Upon expiry of the acceptance period today, 5 November 2021 at 16:30 hours
(CET), the Offeror has based on a preliminary review received acceptances under
the Offer for a total of 165,193,187 shares, equivalent to 94.2% of the shares
and votes in the Company on a fully diluted basis.
In consequence, the Offeror has crossed the reportable threshold of 90% of the
rights to the shares and votes in the Company. Subject to completion of the
Offer, the Offeror will acquire the shares and voting rights in the Company no
later than 17 Business Days (as defined in the Offer Document) after the date on
which the Offeror has announced that the closing conditions in the Offer have
been met and/or waived (as applicable), expected to be on or about 8 November
2021.
The full chain of controlled undertakings for the Offeror is displayed in the
attached legal chart.
The calculation of the number of Shares tendered in the Offer is preliminary and
remains subject to potential adjustments through a verification process
currently being undertaken by the receiving agent for the Offer. The final
result of the Offer will be announced once confirmed by the receiving agent,
expected to be on or about 8 November 2021.
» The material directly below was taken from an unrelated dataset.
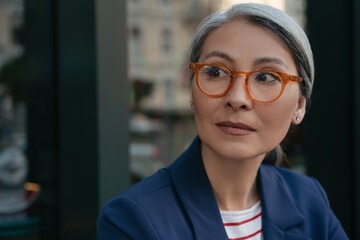 Close up portrait of pensive mature businesswoman looking away, planning start up. Beautiful middle aged woman wearing stylish eyeglasses standing outdoors, focus on face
This announcement is made pursuant to section 4-2 of the Norwegian Securities
Trading Act.
Advisers
Arctic Securities AS is acting as financial advisor to the Offeror and receiving
agent in connection with the Offer. Wikborg Rein Advokatfirma AS and Simpson
Thacher & Bartlett LLP are acting as legal advisors to the Offeror in connection
with the Offer.
DNB Markets, a part of DNB Bank ASA, is acting as financial advisor and
Advokatfirmaet Schjødt AS is acting as legal advisor to the Company in
connection with the Offer. Advokatfirmaet BAHR AS is acting as legal advisor to
Aker ASA and Aker Capital AS in connection with the Offer.
Contacts
Ocean Yield ASA: Marius Magelie (SVP Finance & Investor Relations of Ocean Yield
ASA), Tel +47 24 13 01 82, e-mail: marius.magelie@oceanyield.no.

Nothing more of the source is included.